The well-known crusty bread of central Italy is made without salt which, for many, enhances the savory tastes of prosciutto and pecorino (sheep’s milk) cheeses, both high in salt content. Why is there no salt in the bread of Umbria, Latium, the Marches, and areas of Tuscany?
Explanations vary from geographical to culinary to historical in nature. The distance from the sea to these regions and consequent difficulty in transport of salt is one theory. Another is the prevalence of salt in the salami, capocollo, prosciutto, sausages, pancetta (bacon), as well as cheeses, all made by rural families of these areas.
The most prevalent theory, without historical foundation, is the 16th - Century Guerra del Sale (“Salt War”) in Perugia, under Papal yoke. Present-day Umbria, the Marches, Latium, Abruzzo, and a part of Emilia Romagna were all Papal States. To increase Papal income, the Farnese Pope Paul III levied a heavy tax on salt. As salt was an essential preservative in foods, it could be eliminated only in bread.

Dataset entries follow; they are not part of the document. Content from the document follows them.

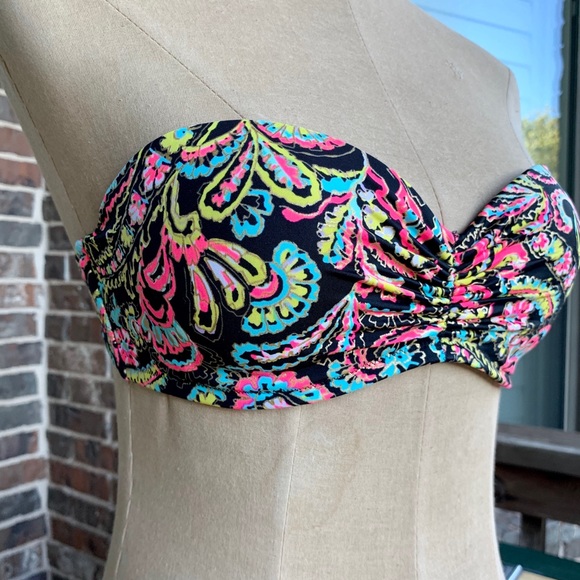 Victoria's Secret Other - Victoria’s Secret Swim Bikini Bandeau Black Paisley Top - 34C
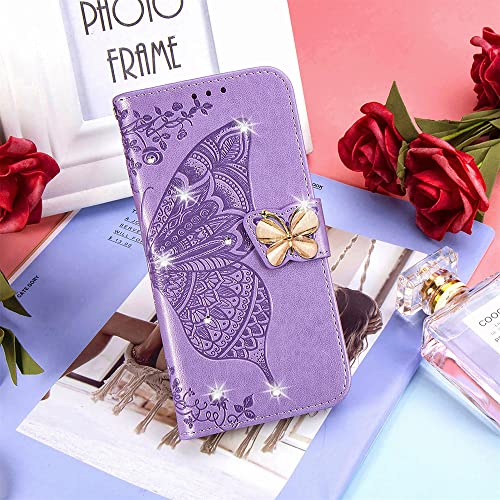 CCSmall for Oppo A17 Wallet Case for Women Girls, Shiny Butterfly Flower PU Leather Cover with Card Slot Holder Flip Phone Case for Oppo A17 Rhinestone Purple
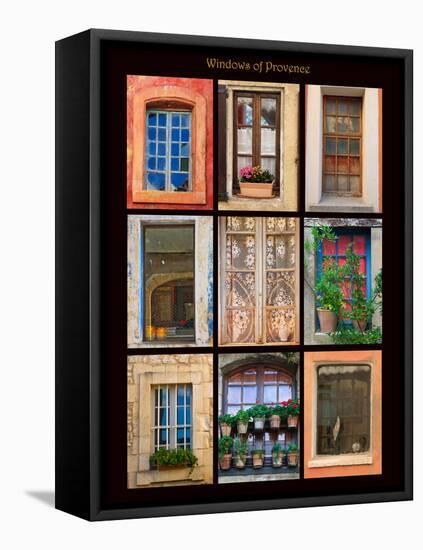 Poster featuring windows shot on buildings throughout towns of Provence, France.-Mallorie Ostrowitz-Framed Stretched Canvas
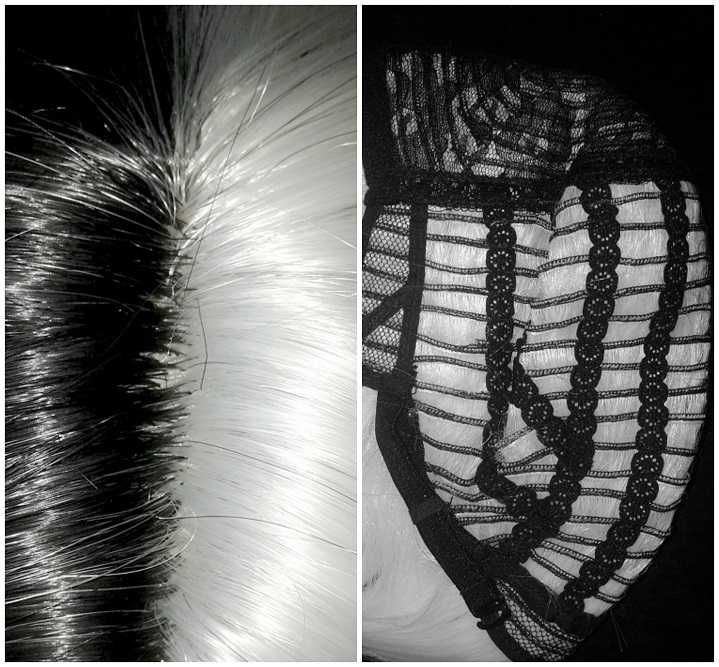 Biała czarna falowana peruka Estella Cruella de Mon Vil cosplay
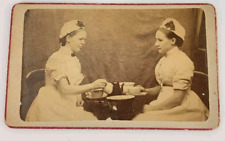 Antique CDV Nurses Women Lady in Uniform Drinking Tea Occupational Photo Teatime picture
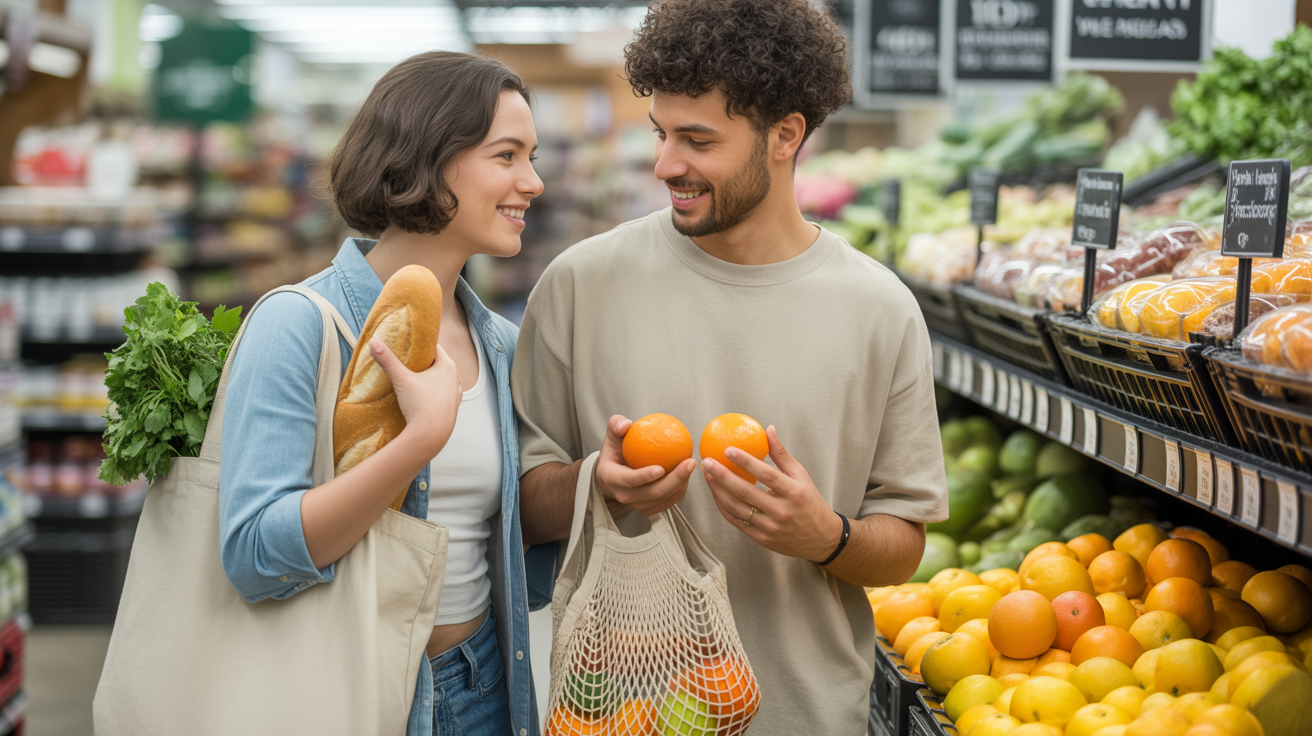 A couple compares oranges while grocery shopping together in Westminster, CA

Nowadays, few Umbrian farm women make bread in their outdoor bread ovens as they used to in the 1970’s. Once a week, they would come down the steps leading from the farm kitchen balancing wooden boards topped with loaves of bread on their heads. The outdoor stone bread oven was fired up with kindling and was ready to receive the loaves.
You can still see them outside the farmhouses, perhaps rarely used now for baking breads, though many are used for roasting geese and other meats at times. Whatever its origins, saltless bread is the welcoming taste of Umbria.